You shouldn't be working with her.

Dean frowned.

Then frowned deeper.

Another message:

She's going to dig into things you should leave buried.

His stomach twisted.

Before he could reply, the number sent one final message:

Some stories ruin the people who write them.

Dean's phone slipped from his fingers.

His breathing hitched.

He tried to call the number.

Blocked.

His hands went to his hair as he stood abruptly, pacing.

He wanted to dismiss it as spam.

He wanted to assume it was a prank.

He wanted to believe this had nothing to do with-

He shut his eyes tightly.

No.

Not now.

Not again.

He grabbed his coat, heart pounding as he left his apartment in a hurry, like the walls were closing in.

He needed air.

Distance.

Silence.

He needed-

He didn't know.

Sophia spent the evening trying to write, but her mind kept returning to Dean's face as he asked if she was okay. The sincerity. The softness.

She didn't want to think about him.

She didn't want to care.

But something in today's chaos had unsettled her in a way she hadn't felt in a long time.

She was still lost in those thoughts when her phone-her regular messages-dinged again.

This time, it wasn't the unknown number.

It was her editor.

Editor:

Dean's been trying to reach you.

Everything alright?

Sophia frowned.

Her phone had no missed calls. No messages. No notifications.

Then another message appeared from her editor:

He said someone contacted him.

About you.

Be careful.

Sophia's blood ran cold.

Someone had texted Dean too.

Her chest tightened.

Someone was watching both of them.

But why?

She grabbed her coat and keys with shaking hands. Someone needed to answer questions tonight.
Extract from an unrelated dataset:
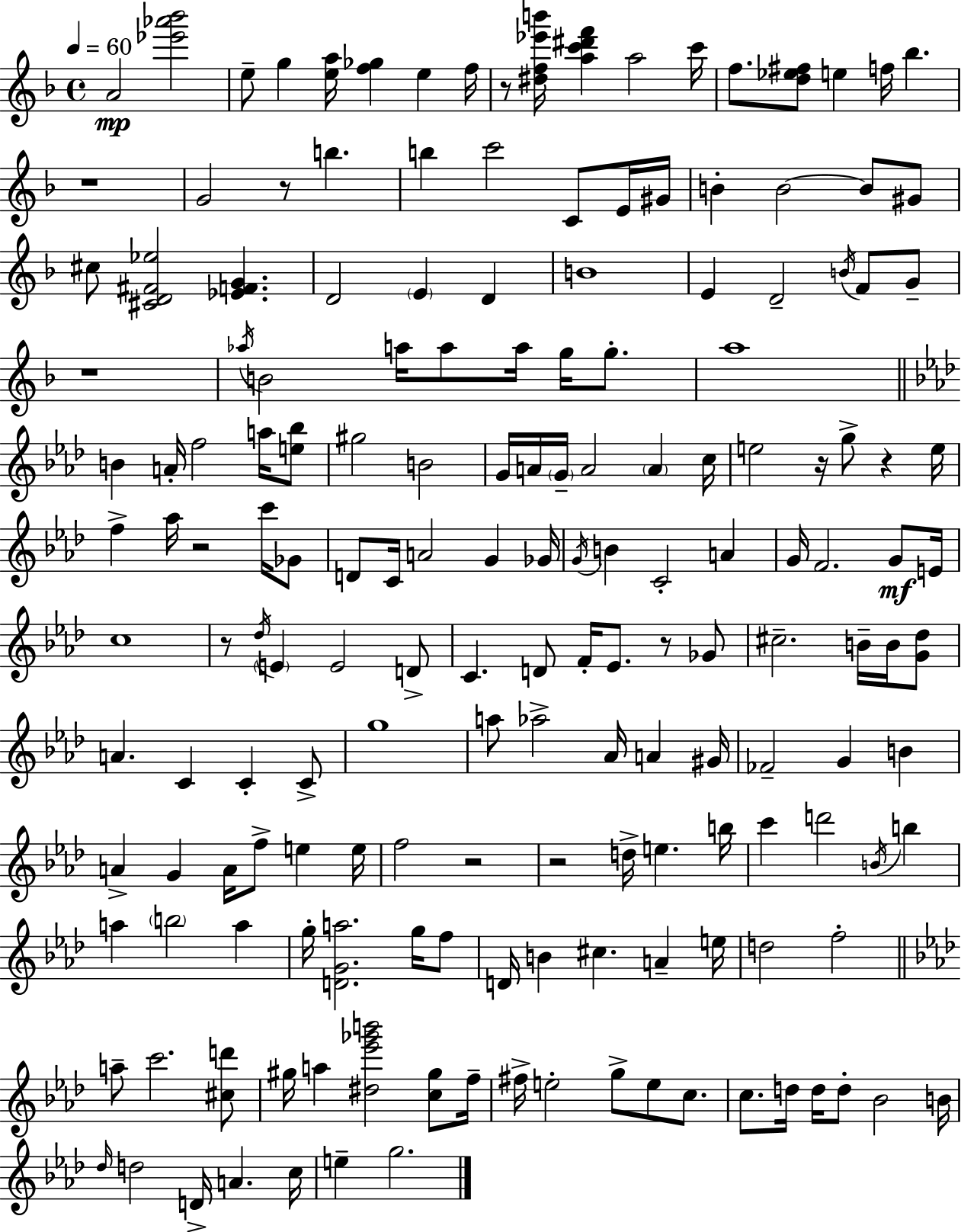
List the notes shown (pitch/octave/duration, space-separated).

A4/h [Eb6,Ab6,Bb6]/h E5/e G5/q [E5,A5]/s [F5,Gb5]/q E5/q F5/s R/e [D#5,F5,Eb6,B6]/s [A5,C6,D#6,F6]/q A5/h C6/s F5/e. [D5,Eb5,F#5]/e E5/q F5/s Bb5/q. R/w G4/h R/e B5/q. B5/q C6/h C4/e E4/s G#4/s B4/q B4/h B4/e G#4/e C#5/e [C#4,D4,F#4,Eb5]/h [Eb4,F4,G4]/q. D4/h E4/q D4/q B4/w E4/q D4/h B4/s F4/e G4/e R/w Ab5/s B4/h A5/s A5/e A5/s G5/s G5/e. A5/w B4/q A4/s F5/h A5/s [E5,Bb5]/e G#5/h B4/h G4/s A4/s G4/s A4/h A4/q C5/s E5/h R/s G5/e R/q E5/s F5/q Ab5/s R/h C6/s Gb4/e D4/e C4/s A4/h G4/q Gb4/s G4/s B4/q C4/h A4/q G4/s F4/h. G4/e E4/s C5/w R/e Db5/s E4/q E4/h D4/e C4/q. D4/e F4/s Eb4/e. R/e Gb4/e C#5/h. B4/s B4/s [G4,Db5]/e A4/q. C4/q C4/q C4/e G5/w A5/e Ab5/h Ab4/s A4/q G#4/s FES4/h G4/q B4/q A4/q G4/q A4/s F5/e E5/q E5/s F5/h R/h R/h D5/s E5/q. B5/s C6/q D6/h B4/s B5/q A5/q B5/h A5/q G5/s [D4,G4,A5]/h. G5/s F5/e D4/s B4/q C#5/q. A4/q E5/s D5/h F5/h A5/e C6/h. [C#5,D6]/e G#5/s A5/q [D#5,Eb6,Gb6,B6]/h [C5,G#5]/e F5/s F#5/s E5/h G5/e E5/e C5/e. C5/e. D5/s D5/s D5/e Bb4/h B4/s Db5/s D5/h D4/s A4/q. C5/s E5/q G5/h.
And Dean seemed like the only person who could.

She stepped into the hallway, locking her apartment behind her.

Then she froze.

A piece of paper was wedged under her door.

She slowly pulled it out, heart thundering.

It was a printed note.

No sender.

No message.

Just one sentence:

"He's not the one you should fear."

Sophia felt her back press against the door, legs weakening beneath her.

The hallway was silent.

Too silent.

Somewhere inside her apartment, something creaked.

Was it the radiator?

Or was she not alone?

Her breath caught.

She reached slowly for her phone-

Then nearly dropped it when the hallway lights flickered once... twice... then went out completely.

Pitch black.

And in the darkness, she heard it:

A soft, deliberate footstep behind her.